Alabama Prison Reform Proposal — alprp.org
Faith, Community, and Healing: Alabama Churches on the Front Lines of Prison Reform
Human Stories & Restoration

Faith, Community, and Healing: Alabama Churches on the Front Lines of Prison Reform

Alabama's faith communities have long been engaged with prison ministry and reentry support. Now, a growing coalition of churches, mosques, and community organizations is advocating for systemic reform — and demonstrating what compassionate, effective support looks like on the ground.

ALPRP Community Engagement TeamMay 1, 2026
faithcommunityhealingprison ministryreentrychurches

Walk into almost any Alabama prison on a Sunday morning and you'll find volunteers from local congregations — facilitating services, running AA meetings, tutoring students, and simply offering the human connection that incarceration so often severs.

This is a tradition as old as the prison system itself.
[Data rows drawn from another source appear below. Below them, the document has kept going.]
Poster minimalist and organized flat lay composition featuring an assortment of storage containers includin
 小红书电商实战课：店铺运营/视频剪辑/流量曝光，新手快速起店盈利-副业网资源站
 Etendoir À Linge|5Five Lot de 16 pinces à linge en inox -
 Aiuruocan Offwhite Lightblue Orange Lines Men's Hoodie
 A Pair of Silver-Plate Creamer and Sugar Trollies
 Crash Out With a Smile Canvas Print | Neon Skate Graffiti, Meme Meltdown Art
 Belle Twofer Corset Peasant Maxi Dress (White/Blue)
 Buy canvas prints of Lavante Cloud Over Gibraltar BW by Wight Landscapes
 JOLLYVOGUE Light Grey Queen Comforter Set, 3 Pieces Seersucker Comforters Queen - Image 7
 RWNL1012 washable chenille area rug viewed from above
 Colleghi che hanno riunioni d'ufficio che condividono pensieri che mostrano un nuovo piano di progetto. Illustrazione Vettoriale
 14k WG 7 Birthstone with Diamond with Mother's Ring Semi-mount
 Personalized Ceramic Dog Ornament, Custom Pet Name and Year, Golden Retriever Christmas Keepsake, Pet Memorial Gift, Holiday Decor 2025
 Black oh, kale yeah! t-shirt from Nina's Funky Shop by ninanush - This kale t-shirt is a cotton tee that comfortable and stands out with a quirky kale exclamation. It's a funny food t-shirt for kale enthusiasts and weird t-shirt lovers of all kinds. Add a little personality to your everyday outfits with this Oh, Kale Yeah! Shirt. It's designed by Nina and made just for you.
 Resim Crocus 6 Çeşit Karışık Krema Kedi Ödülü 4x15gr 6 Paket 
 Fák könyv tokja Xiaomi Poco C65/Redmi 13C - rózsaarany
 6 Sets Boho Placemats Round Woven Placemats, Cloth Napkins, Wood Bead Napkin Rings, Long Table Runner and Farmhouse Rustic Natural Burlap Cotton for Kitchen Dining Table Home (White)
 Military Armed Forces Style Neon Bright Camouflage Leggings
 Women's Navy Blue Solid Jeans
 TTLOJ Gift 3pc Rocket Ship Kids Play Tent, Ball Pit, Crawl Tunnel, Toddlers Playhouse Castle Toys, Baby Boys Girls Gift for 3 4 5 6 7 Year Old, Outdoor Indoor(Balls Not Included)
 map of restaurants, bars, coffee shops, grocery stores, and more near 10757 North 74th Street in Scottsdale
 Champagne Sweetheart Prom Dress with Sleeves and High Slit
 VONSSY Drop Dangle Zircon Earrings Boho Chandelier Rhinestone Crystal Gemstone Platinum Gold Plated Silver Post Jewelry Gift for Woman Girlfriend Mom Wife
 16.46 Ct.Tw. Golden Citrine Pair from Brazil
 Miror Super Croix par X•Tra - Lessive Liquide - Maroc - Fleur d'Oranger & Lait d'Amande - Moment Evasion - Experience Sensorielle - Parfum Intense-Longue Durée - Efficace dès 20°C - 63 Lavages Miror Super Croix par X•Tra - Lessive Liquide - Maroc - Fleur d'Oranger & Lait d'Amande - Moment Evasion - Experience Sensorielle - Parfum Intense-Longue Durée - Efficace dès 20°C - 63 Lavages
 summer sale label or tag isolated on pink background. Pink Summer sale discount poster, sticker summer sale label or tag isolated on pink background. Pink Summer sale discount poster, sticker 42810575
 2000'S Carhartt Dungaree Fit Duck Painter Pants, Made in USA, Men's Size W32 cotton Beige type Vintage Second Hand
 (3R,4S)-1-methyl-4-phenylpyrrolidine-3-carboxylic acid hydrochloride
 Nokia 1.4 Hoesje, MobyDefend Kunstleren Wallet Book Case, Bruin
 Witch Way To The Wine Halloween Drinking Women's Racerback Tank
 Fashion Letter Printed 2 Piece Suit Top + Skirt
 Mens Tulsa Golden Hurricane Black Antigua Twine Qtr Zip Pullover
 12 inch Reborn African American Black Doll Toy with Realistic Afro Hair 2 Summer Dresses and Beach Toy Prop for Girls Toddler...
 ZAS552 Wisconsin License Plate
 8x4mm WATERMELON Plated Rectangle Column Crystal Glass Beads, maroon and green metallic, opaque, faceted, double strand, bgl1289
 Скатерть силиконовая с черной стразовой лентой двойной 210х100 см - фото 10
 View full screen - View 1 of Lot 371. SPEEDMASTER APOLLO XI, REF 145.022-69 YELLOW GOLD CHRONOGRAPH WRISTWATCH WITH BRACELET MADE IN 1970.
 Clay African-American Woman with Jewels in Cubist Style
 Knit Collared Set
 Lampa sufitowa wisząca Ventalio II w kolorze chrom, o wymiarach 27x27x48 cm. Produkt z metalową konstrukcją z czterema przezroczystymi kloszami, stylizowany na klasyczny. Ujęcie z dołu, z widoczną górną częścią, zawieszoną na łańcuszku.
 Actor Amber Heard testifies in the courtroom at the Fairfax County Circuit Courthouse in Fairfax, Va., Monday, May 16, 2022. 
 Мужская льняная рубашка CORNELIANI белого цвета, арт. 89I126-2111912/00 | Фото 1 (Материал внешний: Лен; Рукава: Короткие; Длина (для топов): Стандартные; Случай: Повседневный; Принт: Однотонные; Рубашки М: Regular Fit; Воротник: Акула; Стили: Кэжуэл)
But today, Alabama's faith communities are doing something more: they are advocating for systemic change.

A Moral Imperative

For faith communities, prison reform is not primarily a policy question. It is a moral one. Every major religious tradition in Alabama — Baptist, Catholic, Muslim, Methodist, Pentecostal, Jewish — teaches principles of redemption, second chances, and care for the marginalized.

The prophet Isaiah's call to "loose the chains of injustice" resonates deeply with prison ministers who see those chains every week. The Quran's emphasis on repentance and rehabilitation shapes how Muslim chaplains approach their work. The Catholic tradition of human dignity undergirds Catholic Charities' extensive reentry services.

What Faith Communities Do

Alabama's faith communities contribute to prison reform in concrete ways:

In-Prison Ministry Chaplaincy services, worship programming, Bible study, and spiritual counseling help incarcerated people maintain hope, process trauma, and build toward change.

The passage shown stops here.